> _Instructions for the task_
The lines to repeat run from the one containing "Amethyst With Leaves Long Necklace SN011" through the last line of the records below; repeat them exactly and give nothing more.

Data records:

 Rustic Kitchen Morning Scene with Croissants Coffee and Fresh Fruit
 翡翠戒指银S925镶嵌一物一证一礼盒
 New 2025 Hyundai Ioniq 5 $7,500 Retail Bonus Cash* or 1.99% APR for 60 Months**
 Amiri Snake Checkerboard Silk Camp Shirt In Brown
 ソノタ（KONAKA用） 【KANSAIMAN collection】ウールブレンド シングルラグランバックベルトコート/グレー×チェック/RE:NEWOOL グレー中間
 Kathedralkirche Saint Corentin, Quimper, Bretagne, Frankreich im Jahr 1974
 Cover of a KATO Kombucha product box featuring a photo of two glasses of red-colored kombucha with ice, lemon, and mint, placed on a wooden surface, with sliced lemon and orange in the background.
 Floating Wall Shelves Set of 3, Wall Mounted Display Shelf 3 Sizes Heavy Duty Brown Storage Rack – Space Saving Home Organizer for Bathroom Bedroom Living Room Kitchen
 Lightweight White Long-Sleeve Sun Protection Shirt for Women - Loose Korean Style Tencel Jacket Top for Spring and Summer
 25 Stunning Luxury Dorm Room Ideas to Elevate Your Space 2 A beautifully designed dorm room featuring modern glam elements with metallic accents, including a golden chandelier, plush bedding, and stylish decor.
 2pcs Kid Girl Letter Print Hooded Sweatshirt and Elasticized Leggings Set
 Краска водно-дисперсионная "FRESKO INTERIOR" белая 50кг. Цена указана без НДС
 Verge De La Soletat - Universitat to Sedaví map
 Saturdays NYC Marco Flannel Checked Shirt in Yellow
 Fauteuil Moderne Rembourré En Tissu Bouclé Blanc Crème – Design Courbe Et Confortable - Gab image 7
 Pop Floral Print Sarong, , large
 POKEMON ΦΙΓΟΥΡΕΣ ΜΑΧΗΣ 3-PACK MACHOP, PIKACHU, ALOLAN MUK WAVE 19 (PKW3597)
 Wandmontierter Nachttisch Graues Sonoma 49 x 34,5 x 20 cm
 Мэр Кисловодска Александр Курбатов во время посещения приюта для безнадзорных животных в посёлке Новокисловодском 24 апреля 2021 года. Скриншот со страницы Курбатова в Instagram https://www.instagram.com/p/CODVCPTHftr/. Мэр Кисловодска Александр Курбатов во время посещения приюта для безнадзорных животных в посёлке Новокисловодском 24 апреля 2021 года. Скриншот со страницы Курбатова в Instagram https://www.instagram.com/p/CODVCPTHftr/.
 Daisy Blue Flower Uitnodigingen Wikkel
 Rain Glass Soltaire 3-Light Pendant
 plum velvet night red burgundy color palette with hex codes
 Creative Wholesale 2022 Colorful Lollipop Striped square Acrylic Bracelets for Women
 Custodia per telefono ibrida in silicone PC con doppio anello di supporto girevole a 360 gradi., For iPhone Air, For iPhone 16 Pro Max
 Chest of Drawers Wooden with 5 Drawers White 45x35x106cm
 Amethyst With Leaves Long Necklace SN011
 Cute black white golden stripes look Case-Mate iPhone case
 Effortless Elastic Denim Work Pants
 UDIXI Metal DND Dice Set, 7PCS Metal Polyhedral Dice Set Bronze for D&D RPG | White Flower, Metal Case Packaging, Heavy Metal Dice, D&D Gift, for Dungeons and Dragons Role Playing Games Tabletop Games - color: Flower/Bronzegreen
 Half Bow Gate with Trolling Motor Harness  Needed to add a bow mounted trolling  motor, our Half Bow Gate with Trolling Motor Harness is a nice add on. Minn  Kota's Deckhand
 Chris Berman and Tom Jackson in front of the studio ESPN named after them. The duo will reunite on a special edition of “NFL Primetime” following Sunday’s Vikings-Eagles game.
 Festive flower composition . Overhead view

> _Exercise solution_
 Amethyst With Leaves Long Necklace SN011
 Cute black white golden stripes look Case-Mate iPhone case
 Effortless Elastic Denim Work Pants
 UDIXI Metal DND Dice Set, 7PCS Metal Polyhedral Dice Set Bronze for D&D RPG | White Flower, Metal Case Packaging, Heavy Metal Dice, D&D Gift, for Dungeons and Dragons Role Playing Games Tabletop Games - color: Flower/Bronzegreen
 Half Bow Gate with Trolling Motor Harness  Needed to add a bow mounted trolling  motor, our Half Bow Gate with Trolling Motor Harness is a nice add on. Minn  Kota's Deckhand
 Chris Berman and Tom Jackson in front of the studio ESPN named after them. The duo will reunite on a special edition of “NFL Primetime” following Sunday’s Vikings-Eagles game.
 Festive flower composition . Overhead view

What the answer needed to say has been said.